Recordemos que Santiváñez fue censurado por el Congreso en marzo de este año por su cuestionada gestión como ministro del Interior. Este oscuro personaje no solo retorna al gabinete, sino que lo hace en una cartera clave para el control institucional y la defensa de los derechos humanos. Su nombramiento, lejos de ser una apuesta por la reforma, es una estrategia para consolidar una red de protección frente a las crecientes investigaciones que rodean al entorno personal y familiar de Boluarte.
Santiváñez enfrenta una orden de impedimento de salida del país por presunto tráfico de influencias, además de investigaciones fiscales por favorecer a clientes desde su estudio jurídico cuando ocupaba cargos públicos.
Su retorno al Ejecutivo se alinea con los intereses del régimen de Boluarte: deslegitimar a la Fiscalía, cuestionar al Poder Judicial y promover una apresurada reforma del sistema de justicia que, en lugar de fortalecerlo, lo sometería a la lógica del poder político.

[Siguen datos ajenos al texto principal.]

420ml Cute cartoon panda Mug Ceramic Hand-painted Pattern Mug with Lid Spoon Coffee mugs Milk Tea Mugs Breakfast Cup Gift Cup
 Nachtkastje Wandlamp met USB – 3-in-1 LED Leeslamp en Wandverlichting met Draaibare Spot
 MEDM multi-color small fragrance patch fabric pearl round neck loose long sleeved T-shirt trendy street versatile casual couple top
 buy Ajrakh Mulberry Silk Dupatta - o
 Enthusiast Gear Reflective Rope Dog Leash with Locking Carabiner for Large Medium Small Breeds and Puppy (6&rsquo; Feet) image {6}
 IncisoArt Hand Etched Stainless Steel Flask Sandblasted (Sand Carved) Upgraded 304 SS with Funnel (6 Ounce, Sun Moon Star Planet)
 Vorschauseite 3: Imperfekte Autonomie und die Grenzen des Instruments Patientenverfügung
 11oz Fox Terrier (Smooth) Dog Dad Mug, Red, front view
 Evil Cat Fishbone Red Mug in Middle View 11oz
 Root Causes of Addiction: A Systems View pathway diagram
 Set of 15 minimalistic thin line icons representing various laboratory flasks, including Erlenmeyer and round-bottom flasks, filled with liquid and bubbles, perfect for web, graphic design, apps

Y, precisamente esta semana, se ha producido el allanamiento fiscal a la vivienda de Nicanor Boluarte, hermano presidencial, como parte de investigaciones por presuntos actos de corrupción, actos que involucran a Santiváñez.
La reacción del Ejecutivo fue lamentable: Boluarte, en un acto público y oficial, calificó el operativo como “un muñeco armado” y acusó a los fiscales de fabricar carpetas sin sustento jurídico.
Al día siguiente, el Consejo de Ministros en pleno emitió un comunicado rechazando dicho acto legal contra el hermano de Boluarte, lo que no solo politiza la administración de justicia, sino que revela una estrategia de victimización institucional que busca desviar la atención de los hechos concretos investigados.
La narrativa oficial insiste en que estas acciones son parte de una campaña de desestabilización. Sin embargo, lo que se observa es una preocupante normalización de la impunidad.
El Ejecutivo no solo desacredita a las instituciones encargadas de investigar, sino que premia a funcionarios cuestionados con cargos de alta responsabilidad. El mensaje es claro: la lealtad política pesa más que la idoneidad ética. Boluarte parece empecinada en que su único legado sea la impunidad como política de Estado.